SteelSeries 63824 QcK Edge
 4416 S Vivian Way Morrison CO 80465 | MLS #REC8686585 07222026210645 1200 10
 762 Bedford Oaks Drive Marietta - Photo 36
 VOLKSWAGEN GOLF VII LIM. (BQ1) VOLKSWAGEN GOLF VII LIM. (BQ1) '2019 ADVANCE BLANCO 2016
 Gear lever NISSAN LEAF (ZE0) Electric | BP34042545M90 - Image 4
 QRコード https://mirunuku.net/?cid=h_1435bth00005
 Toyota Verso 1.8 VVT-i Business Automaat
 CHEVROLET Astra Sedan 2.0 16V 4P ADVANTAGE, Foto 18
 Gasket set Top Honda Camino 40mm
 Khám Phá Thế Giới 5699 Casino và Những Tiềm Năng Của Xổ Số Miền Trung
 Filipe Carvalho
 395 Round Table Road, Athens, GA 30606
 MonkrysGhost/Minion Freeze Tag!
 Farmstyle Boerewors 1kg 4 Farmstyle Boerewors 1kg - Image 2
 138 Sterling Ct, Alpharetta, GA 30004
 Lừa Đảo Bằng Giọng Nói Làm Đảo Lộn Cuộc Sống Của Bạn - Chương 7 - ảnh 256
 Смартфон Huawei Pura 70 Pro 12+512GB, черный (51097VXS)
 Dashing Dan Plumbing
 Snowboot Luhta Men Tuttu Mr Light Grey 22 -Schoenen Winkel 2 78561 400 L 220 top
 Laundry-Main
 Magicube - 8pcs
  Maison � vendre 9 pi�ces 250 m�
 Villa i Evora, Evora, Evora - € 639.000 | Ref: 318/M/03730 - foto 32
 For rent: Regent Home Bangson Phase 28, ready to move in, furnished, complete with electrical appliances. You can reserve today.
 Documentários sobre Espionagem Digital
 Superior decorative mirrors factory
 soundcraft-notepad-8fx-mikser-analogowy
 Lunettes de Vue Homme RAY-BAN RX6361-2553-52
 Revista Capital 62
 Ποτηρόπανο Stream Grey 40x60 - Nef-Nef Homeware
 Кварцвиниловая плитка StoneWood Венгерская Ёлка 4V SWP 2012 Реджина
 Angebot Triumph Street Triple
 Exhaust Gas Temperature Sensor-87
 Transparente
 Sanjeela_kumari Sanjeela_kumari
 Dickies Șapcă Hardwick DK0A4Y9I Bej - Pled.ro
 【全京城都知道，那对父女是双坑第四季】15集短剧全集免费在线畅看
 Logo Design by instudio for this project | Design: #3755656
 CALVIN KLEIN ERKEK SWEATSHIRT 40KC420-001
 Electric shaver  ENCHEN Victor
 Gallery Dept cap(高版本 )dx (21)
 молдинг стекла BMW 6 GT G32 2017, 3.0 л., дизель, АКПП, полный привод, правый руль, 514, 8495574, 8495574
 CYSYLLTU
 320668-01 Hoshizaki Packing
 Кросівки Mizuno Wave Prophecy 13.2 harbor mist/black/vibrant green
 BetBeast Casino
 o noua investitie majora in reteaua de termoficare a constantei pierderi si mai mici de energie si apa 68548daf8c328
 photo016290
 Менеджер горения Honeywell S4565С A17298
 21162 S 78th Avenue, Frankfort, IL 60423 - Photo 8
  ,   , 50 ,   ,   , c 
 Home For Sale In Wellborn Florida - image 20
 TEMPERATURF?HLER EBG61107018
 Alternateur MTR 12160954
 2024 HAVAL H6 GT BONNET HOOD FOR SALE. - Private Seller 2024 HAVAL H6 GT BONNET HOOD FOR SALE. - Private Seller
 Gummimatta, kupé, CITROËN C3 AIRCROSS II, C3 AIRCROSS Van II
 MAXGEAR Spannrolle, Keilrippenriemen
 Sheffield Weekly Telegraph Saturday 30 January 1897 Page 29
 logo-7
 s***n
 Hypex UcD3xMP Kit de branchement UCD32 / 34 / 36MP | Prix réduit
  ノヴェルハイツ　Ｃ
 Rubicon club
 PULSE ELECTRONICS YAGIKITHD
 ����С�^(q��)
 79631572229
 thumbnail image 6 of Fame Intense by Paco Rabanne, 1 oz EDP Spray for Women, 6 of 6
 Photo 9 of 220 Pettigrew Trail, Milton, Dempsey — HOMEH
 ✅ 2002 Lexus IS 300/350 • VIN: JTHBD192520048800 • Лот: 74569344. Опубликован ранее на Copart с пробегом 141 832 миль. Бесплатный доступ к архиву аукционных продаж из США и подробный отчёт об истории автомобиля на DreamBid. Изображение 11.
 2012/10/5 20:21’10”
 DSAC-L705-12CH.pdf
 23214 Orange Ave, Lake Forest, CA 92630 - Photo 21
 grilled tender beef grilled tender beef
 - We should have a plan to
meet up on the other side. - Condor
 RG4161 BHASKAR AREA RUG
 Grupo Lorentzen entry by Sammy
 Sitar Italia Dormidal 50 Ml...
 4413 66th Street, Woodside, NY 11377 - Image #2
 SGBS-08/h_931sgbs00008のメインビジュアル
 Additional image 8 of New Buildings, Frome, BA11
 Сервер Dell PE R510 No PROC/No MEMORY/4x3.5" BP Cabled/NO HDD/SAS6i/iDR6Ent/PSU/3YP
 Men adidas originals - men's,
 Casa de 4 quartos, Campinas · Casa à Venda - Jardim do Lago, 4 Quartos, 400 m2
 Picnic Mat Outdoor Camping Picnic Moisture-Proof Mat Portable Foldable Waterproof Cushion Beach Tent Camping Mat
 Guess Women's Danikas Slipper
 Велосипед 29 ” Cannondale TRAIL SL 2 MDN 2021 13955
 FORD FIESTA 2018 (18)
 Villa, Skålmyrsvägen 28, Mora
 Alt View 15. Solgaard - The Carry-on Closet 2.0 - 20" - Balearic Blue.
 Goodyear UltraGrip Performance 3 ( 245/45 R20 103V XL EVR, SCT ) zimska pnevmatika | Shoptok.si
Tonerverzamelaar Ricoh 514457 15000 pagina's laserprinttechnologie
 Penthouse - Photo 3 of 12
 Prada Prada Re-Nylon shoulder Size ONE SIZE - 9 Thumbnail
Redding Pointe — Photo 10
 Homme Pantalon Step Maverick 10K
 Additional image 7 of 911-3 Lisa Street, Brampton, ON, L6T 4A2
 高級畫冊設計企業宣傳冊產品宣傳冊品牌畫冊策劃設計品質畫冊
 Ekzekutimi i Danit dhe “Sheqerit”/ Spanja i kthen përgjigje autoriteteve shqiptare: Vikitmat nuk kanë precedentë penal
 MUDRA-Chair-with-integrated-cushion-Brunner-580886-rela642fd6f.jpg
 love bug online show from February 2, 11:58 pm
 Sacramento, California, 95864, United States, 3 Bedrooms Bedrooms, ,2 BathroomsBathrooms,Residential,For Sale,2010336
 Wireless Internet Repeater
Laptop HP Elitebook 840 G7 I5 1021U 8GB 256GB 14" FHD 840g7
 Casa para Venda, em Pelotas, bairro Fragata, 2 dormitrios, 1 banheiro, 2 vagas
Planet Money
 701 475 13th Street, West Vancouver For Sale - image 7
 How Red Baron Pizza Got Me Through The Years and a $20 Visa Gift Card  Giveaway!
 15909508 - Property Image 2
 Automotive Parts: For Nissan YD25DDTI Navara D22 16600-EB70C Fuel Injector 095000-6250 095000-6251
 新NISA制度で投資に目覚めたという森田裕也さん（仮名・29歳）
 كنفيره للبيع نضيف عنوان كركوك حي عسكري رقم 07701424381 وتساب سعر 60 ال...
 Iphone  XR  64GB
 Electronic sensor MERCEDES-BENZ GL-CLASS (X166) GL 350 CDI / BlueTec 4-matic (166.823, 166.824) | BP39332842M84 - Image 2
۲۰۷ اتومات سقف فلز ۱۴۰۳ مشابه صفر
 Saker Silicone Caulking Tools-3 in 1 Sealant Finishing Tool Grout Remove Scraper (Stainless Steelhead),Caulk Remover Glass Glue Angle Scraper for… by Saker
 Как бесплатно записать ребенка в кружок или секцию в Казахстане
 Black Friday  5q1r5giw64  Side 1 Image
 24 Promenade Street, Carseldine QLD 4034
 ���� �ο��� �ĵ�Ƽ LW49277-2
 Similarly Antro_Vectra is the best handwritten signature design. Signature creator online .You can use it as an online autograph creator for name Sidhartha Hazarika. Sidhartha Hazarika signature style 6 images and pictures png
☆ ☆ ☆ ☆ ☆ ☆ ☆
■ **Problem to solve**: A single figure is required: how many lines above contain the word "online".

■ **Exercise response**: 2